Urgent Care Association Hopes Report Sparks Dialogue
The number of patients using urgent care centers in the U.S. continues to grow, but urgent care factors little in the national discussion about healthcare. The Urgent Care Association of America aims to change that with new research.
If you’re feeling ill and can’t get an appointment with your doctor’s office or don’t want to wait in long lines at the emergency room, you’re likely to visit one of the country’s more than 8,700 urgent care centers, which continue to see an increase in patients.
This is according to the recently released 2012 Urgent Care Benchmarking Results survey conducted by the Urgent Care Association of America (UCAOA).
The survey found the average number of visits per day to urgent care centers in the U.S. is up slightly from 2010 by three individuals per day. The report also found that overall visitor flow to these centers remains largely steady throughout the year, with visits peaking in March and October.
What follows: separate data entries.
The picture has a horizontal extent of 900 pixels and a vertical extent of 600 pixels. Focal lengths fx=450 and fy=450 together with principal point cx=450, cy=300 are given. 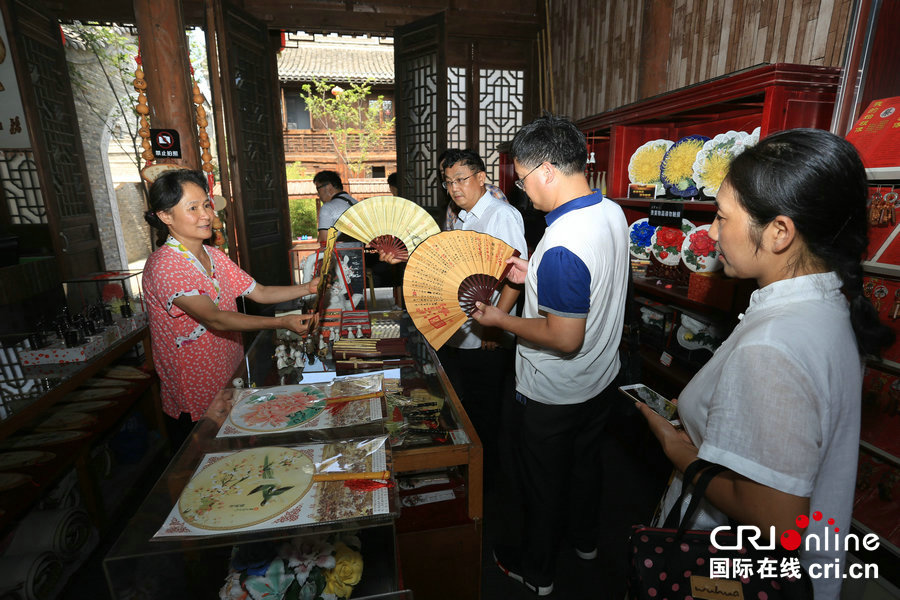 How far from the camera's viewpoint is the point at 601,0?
150 inches

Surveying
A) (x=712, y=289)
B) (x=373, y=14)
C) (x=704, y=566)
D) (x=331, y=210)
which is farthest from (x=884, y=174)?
(x=373, y=14)

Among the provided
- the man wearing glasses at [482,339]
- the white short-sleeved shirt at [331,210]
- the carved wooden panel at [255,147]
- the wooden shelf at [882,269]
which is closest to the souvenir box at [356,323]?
the man wearing glasses at [482,339]

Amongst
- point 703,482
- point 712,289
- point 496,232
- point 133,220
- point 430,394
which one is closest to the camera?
point 703,482

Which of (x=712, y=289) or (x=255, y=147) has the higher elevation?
(x=255, y=147)

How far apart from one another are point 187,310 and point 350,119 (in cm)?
1232

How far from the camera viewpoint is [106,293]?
2.87 metres

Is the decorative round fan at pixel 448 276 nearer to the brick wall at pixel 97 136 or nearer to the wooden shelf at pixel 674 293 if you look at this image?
the wooden shelf at pixel 674 293

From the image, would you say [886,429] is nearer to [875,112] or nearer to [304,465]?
[875,112]

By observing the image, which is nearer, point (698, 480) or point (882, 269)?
point (698, 480)

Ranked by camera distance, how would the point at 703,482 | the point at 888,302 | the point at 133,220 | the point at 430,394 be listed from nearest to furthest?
the point at 703,482 < the point at 888,302 < the point at 430,394 < the point at 133,220

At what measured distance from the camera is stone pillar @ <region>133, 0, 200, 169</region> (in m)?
3.08

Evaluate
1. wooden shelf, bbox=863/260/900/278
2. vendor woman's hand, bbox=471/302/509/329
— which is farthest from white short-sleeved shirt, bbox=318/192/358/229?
wooden shelf, bbox=863/260/900/278

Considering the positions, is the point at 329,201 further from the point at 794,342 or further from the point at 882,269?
the point at 794,342

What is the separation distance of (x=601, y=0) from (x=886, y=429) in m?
3.72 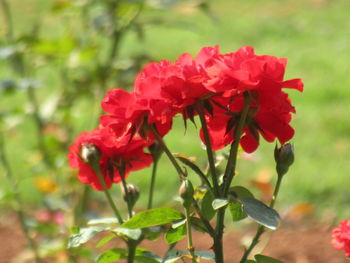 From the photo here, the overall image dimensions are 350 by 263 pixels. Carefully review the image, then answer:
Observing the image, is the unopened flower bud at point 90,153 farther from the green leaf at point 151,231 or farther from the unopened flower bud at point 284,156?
the unopened flower bud at point 284,156

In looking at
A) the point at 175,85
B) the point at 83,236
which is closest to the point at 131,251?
the point at 83,236

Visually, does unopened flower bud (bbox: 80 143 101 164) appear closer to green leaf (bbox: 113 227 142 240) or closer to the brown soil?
green leaf (bbox: 113 227 142 240)

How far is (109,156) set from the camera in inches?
48.8

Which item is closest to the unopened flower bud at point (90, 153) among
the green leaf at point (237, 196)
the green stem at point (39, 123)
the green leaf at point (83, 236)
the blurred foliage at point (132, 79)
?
the green leaf at point (83, 236)

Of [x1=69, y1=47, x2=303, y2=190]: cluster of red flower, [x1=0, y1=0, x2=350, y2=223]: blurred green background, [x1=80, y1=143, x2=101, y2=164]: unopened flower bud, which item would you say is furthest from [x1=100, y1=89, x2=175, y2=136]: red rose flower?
[x1=0, y1=0, x2=350, y2=223]: blurred green background

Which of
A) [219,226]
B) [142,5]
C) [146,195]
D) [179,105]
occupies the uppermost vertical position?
[142,5]

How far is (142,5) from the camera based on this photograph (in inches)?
87.8

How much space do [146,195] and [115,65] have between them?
3.63 ft

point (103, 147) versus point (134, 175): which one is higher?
point (103, 147)

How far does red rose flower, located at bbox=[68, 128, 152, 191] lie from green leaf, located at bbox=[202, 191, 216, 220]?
0.43 feet

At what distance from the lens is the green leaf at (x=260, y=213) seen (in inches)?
38.3

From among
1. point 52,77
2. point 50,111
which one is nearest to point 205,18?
point 52,77

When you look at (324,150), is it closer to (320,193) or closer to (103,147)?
(320,193)

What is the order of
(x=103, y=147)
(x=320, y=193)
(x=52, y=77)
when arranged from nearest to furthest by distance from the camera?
(x=103, y=147), (x=320, y=193), (x=52, y=77) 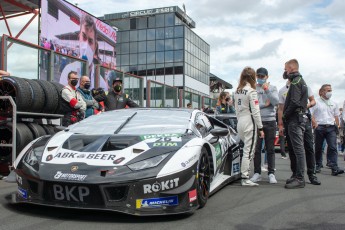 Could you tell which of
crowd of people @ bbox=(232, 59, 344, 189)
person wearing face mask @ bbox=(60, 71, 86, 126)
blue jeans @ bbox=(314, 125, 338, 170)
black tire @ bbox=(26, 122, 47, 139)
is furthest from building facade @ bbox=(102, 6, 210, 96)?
crowd of people @ bbox=(232, 59, 344, 189)

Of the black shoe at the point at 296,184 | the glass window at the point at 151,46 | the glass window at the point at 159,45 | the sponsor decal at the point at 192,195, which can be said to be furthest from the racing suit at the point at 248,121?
the glass window at the point at 151,46

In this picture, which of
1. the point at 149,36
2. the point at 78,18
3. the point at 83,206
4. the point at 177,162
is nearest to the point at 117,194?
the point at 83,206

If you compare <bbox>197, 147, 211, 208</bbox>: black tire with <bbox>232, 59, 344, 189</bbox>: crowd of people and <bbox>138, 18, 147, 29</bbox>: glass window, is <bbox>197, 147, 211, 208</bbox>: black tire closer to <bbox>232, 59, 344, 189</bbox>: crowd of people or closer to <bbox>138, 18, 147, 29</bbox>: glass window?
<bbox>232, 59, 344, 189</bbox>: crowd of people

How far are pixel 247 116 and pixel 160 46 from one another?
Result: 46025 mm

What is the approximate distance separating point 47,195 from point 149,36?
4917 centimetres

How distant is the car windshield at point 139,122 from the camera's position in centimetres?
471

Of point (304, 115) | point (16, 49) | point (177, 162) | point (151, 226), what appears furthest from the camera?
point (16, 49)

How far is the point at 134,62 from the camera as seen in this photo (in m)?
53.0

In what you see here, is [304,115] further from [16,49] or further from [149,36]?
[149,36]

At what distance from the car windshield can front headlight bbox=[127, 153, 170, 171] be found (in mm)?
683

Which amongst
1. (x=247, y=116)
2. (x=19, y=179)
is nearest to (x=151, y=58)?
(x=247, y=116)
The greatest number of patients come from the 23-49 age group, and urgent care center patients are split roughly 50-50 male and female.
The survey data reflects the growing trend of urgent care in the healthcare industry—the UCAOA estimates that roughly 300 urgent care centers open every year throughout the country—yet this type of care is not a major player in national healthcare policy, the association reported in an earlier white paper.
“Urgent care centers are now so numerous and so well‐positioned in the U.S. to assist the nation’s emergency departments and primary care system, that it is surprising not to see them included in virtually any discussions of healthcare reform,” UCAOA said.
The white paper calls for better recognition of the role urgent care plays in the healthcare industry, a goal the association hopes to accomplish with the biennial benchmarking survey.
The survey “is intended as a catalyst to spark dialogue on a national basis in order to determine what the results teach us and how we might implement them into a larger continuous quality improvement program for urgent care centers and industry in order to lead to enhanced outcomes and patient experience,” the association said in a statement.
The benchmarking survey also includes data on trends in visits; average annual revenue, expenses, and marketing budgets; staffing strategies; average wait times; and average charge and reimbursement numbers.